_The data_
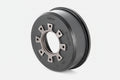 Trailer Brake Drum, 10,000-lb. Axles, 12-1/4" Brake Size, 3-3/8" Brake Width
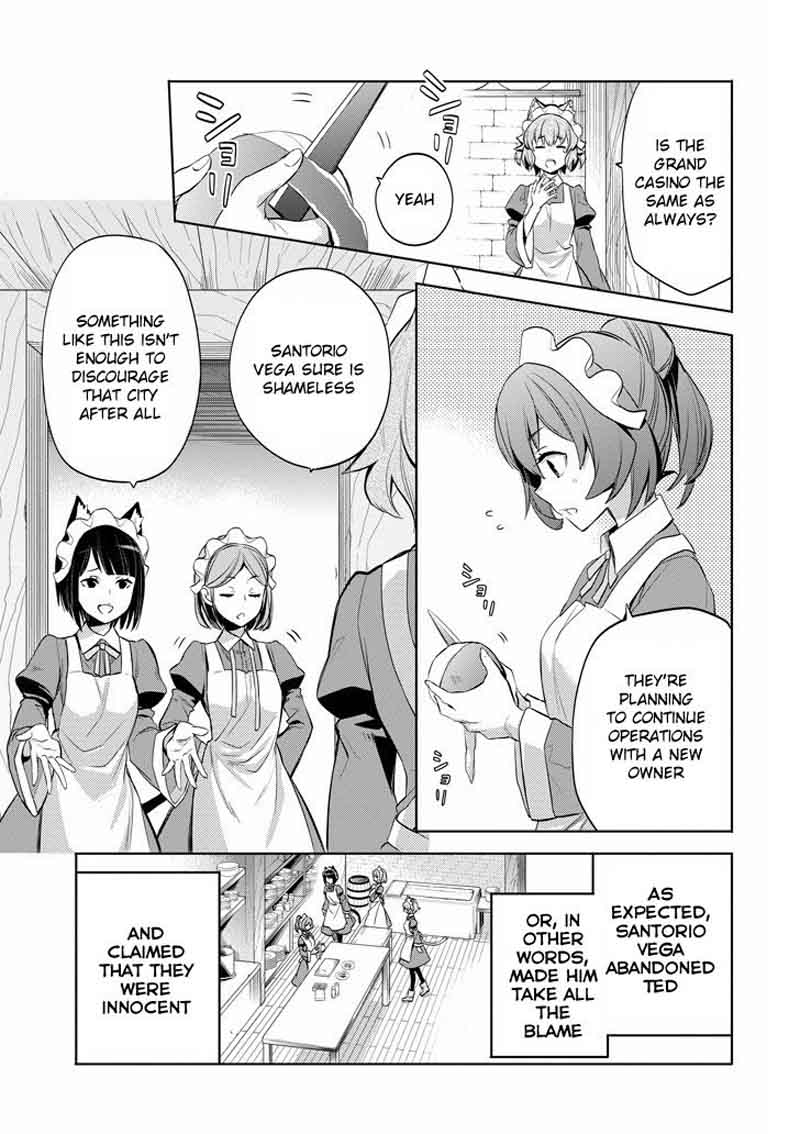 Dungeon Ni Deai Wo Motomeru No Wa Machigatte Iru Darou Ka Familia Chronicle Episode Ryu 9 51
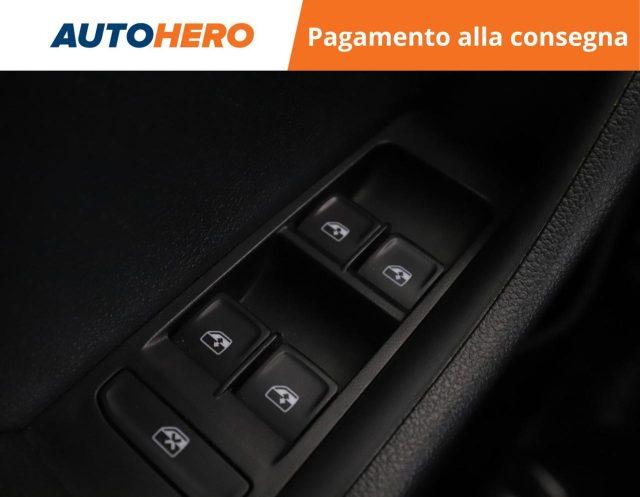 SKODA Fabia 1.0 TSI Twin Color Argento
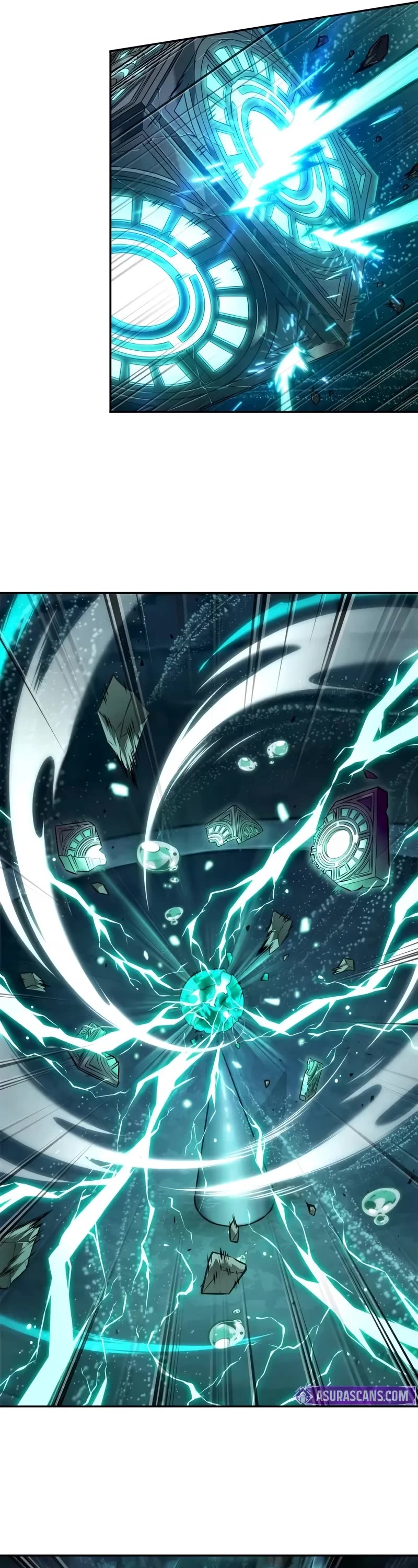 Maplestory: The Last Adventurer chapter 54 page 17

_Action item_
Print the material above exactly as it appears, but not its pictures.

_Result_
 Trailer Brake Drum, 10,000-lb. Axles, 12-1/4" Brake Size, 3-3/8" Brake Width
 Dungeon Ni Deai Wo Motomeru No Wa Machigatte Iru Darou Ka Familia Chronicle Episode Ryu 9 51
 SKODA Fabia 1.0 TSI Twin Color Argento
 Maplestory: The Last Adventurer chapter 54 page 17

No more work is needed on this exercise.